Please restate the listing word for word, omitting the images.

**Records to process:**
──────────────────────────────
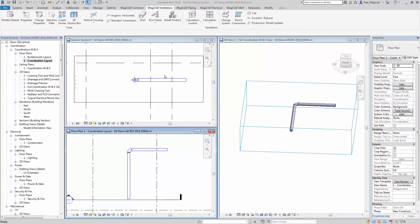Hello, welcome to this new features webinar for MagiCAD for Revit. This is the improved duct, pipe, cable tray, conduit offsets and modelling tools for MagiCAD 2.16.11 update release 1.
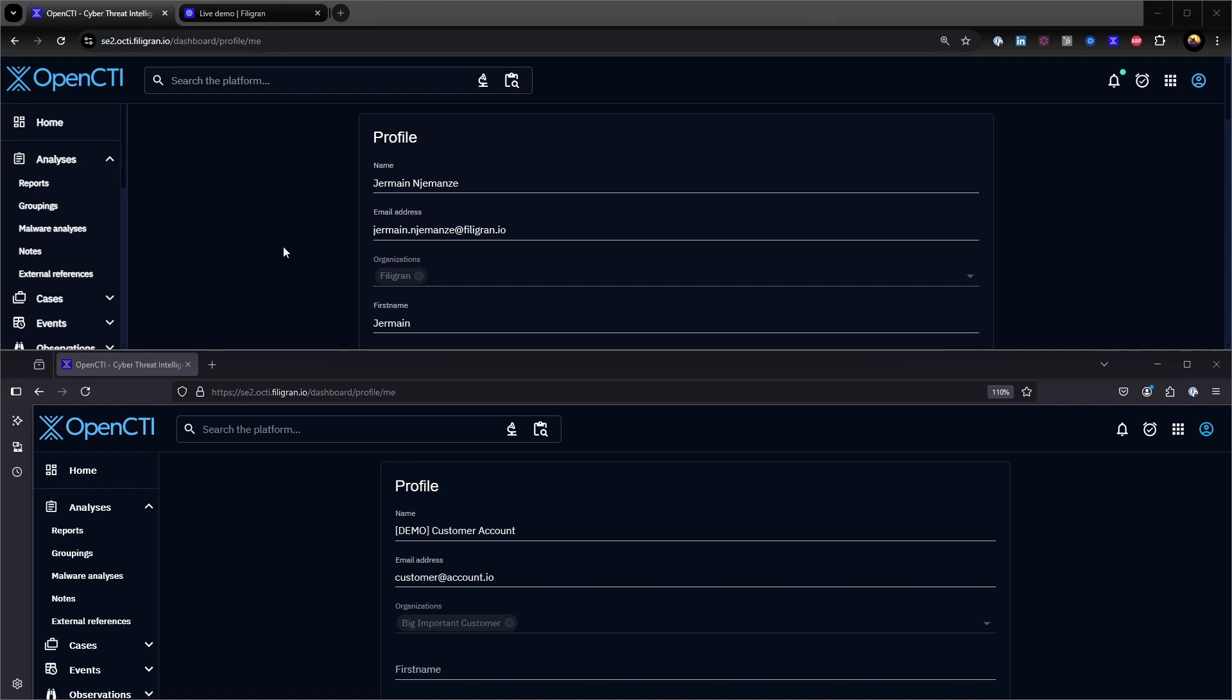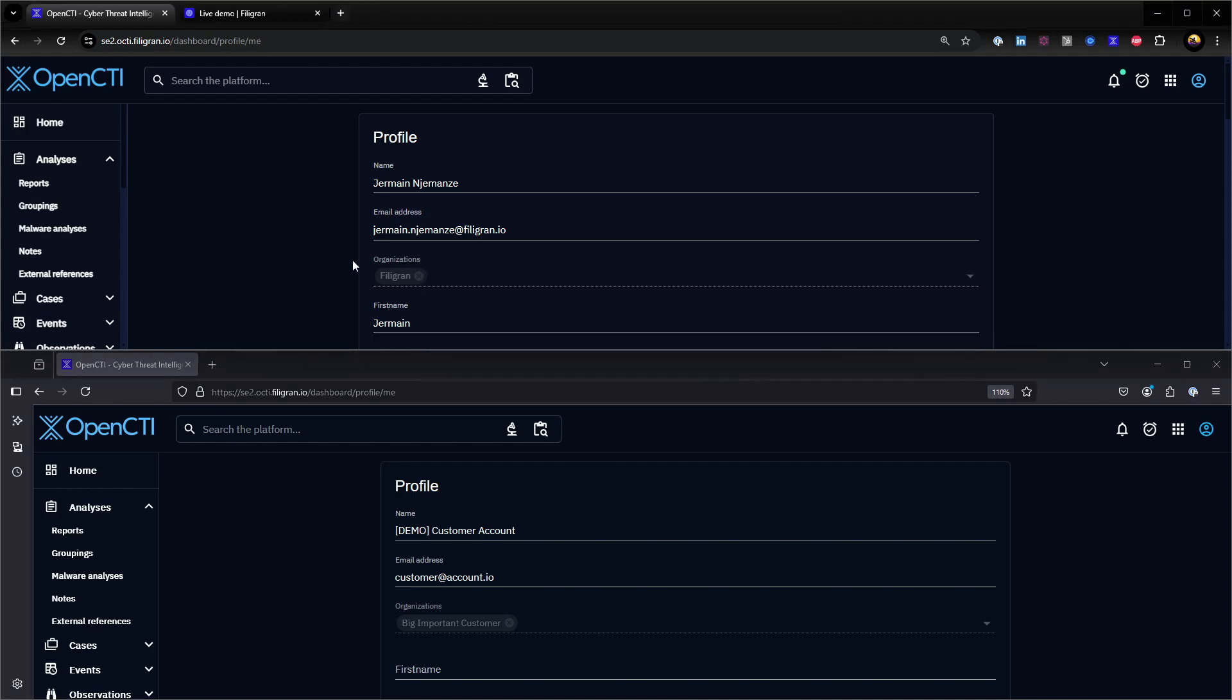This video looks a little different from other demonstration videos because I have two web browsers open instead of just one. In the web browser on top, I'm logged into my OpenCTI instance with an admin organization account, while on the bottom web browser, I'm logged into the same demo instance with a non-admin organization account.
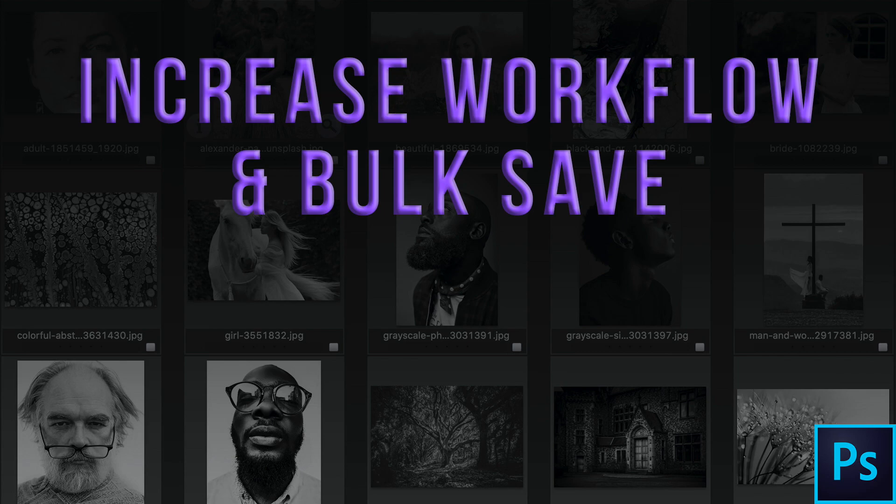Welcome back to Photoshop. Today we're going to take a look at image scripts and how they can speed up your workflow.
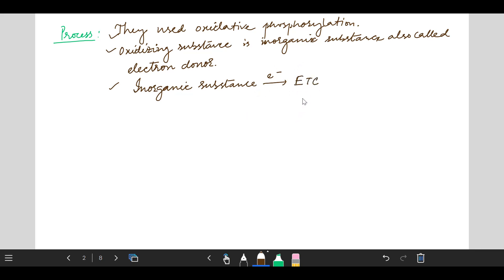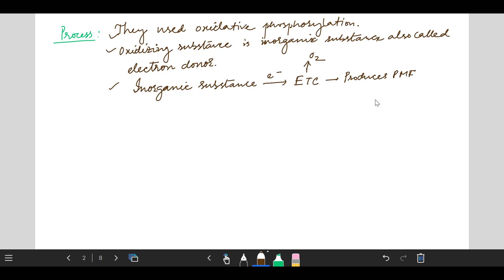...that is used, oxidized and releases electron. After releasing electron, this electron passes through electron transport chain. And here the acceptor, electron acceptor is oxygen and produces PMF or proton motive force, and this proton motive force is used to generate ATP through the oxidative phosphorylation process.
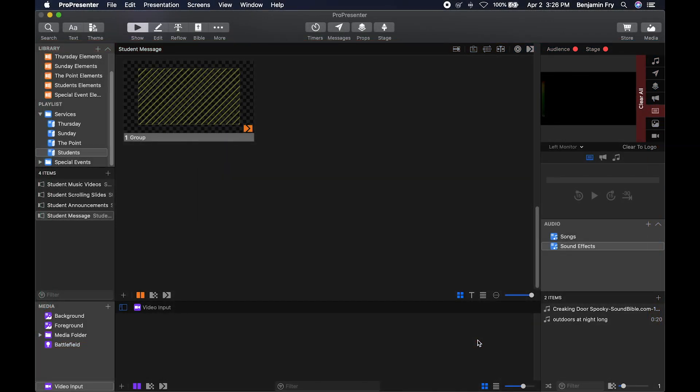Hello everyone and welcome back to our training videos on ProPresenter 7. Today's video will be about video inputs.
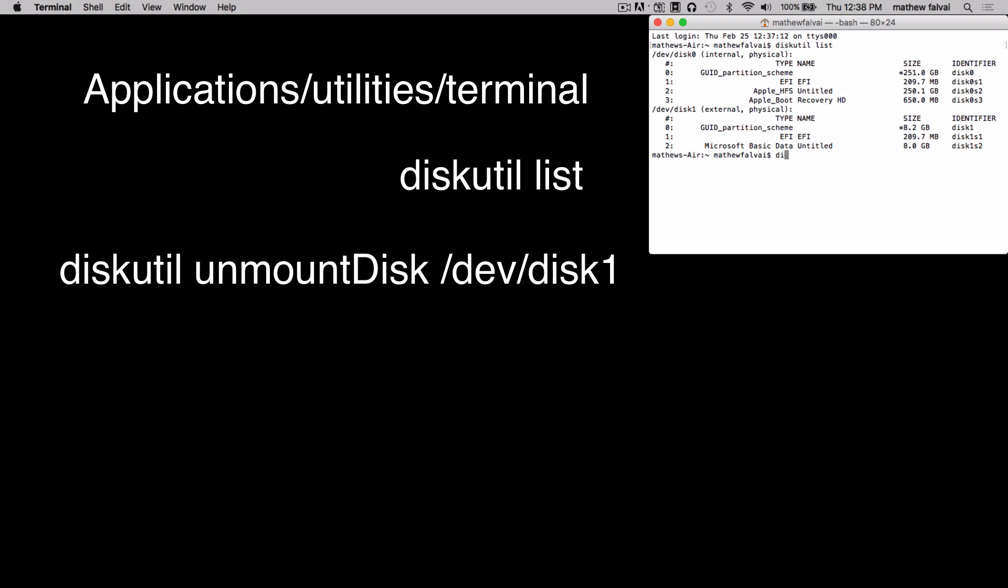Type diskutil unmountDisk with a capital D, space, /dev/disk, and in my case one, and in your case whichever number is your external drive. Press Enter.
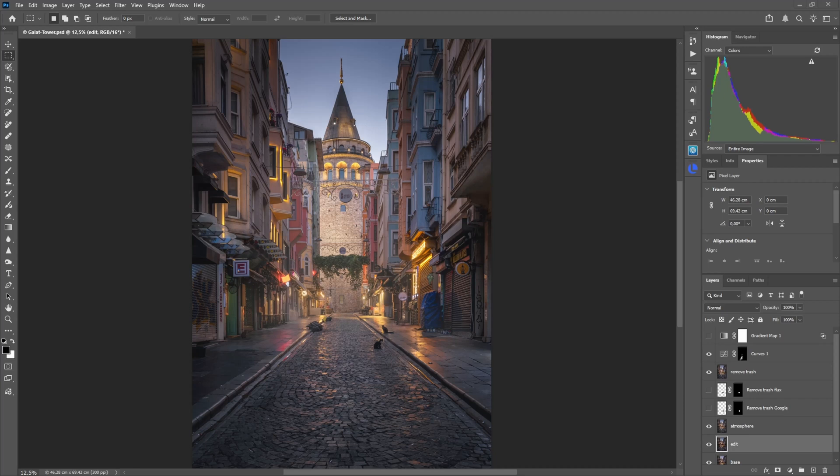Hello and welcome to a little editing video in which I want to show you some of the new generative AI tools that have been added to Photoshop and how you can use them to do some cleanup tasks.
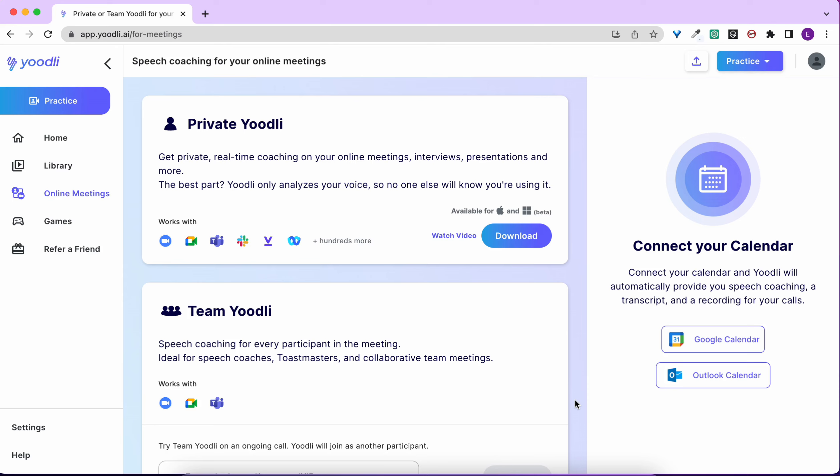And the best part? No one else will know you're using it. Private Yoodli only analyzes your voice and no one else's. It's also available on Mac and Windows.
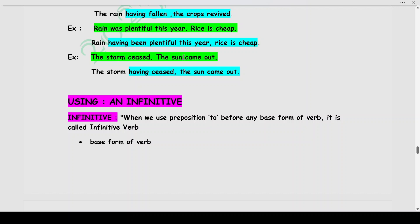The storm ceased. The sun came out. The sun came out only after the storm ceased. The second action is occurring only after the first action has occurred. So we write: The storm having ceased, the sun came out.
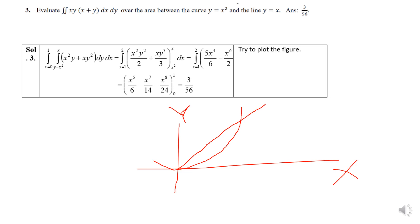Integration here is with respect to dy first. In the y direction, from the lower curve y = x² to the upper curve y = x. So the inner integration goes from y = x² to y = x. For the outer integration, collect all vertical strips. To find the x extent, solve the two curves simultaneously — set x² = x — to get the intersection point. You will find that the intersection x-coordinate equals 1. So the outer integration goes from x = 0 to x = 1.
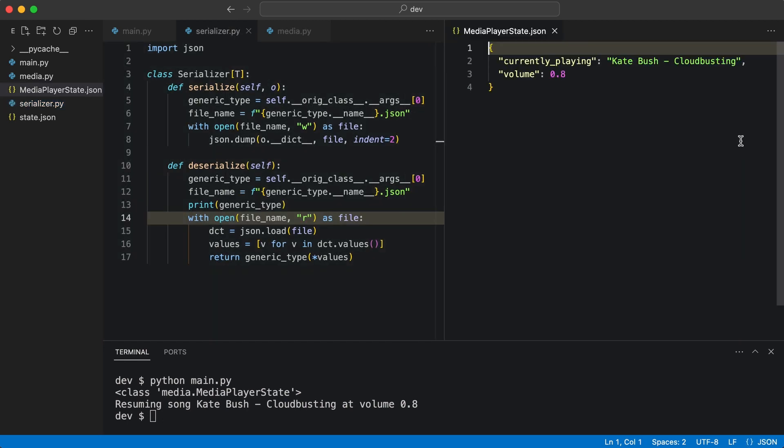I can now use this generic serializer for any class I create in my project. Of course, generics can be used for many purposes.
──────────────────────────────
**Finished exercise:**
Hello, welcome to this new features webinar for MagiCAD for Revit. This is the improved duct, pipe, cable tray, conduit offsets and modelling tools for MagiCAD 2.16.11 update release 1.
This video looks a little different from other demonstration videos because I have two web browsers open instead of just one. In the web browser on top, I'm logged into my OpenCTI instance with an admin organization account, while on the bottom web browser, I'm logged into the same demo instance with a non-admin organization account.
Welcome back to Photoshop. Today we're going to take a look at image scripts and how they can speed up your workflow.
...that is used, oxidized and releases electron. After releasing electron, this electron passes through electron transport chain. And here the acceptor, electron acceptor is oxygen and produces PMF or proton motive force, and this proton motive force is used to generate ATP through the oxidative phosphorylation process.
Hello everyone and welcome back to our training videos on ProPresenter 7. Today's video will be about video inputs.
Type diskutil unmountDisk with a capital D, space, /dev/disk, and in my case one, and in your case whichever number is your external drive. Press Enter.
Hello and welcome to a little editing video in which I want to show you some of the new generative AI tools that have been added to Photoshop and how you can use them to do some cleanup tasks.
And the best part? No one else will know you're using it. Private Yoodli only analyzes your voice and no one else's. It's also available on Mac and Windows.
The storm ceased. The sun came out. The sun came out only after the storm ceased. The second action is occurring only after the first action has occurred. So we write: The storm having ceased, the sun came out.
Integration here is with respect to dy first. In the y direction, from the lower curve y = x² to the upper curve y = x. So the inner integration goes from y = x² to y = x. For the outer integration, collect all vertical strips. To find the x extent, solve the two curves simultaneously — set x² = x — to get the intersection point. You will find that the intersection x-coordinate equals 1. So the outer integration goes from x = 0 to x = 1.
I can now use this generic serializer for any class I create in my project. Of course, generics can be used for many purposes.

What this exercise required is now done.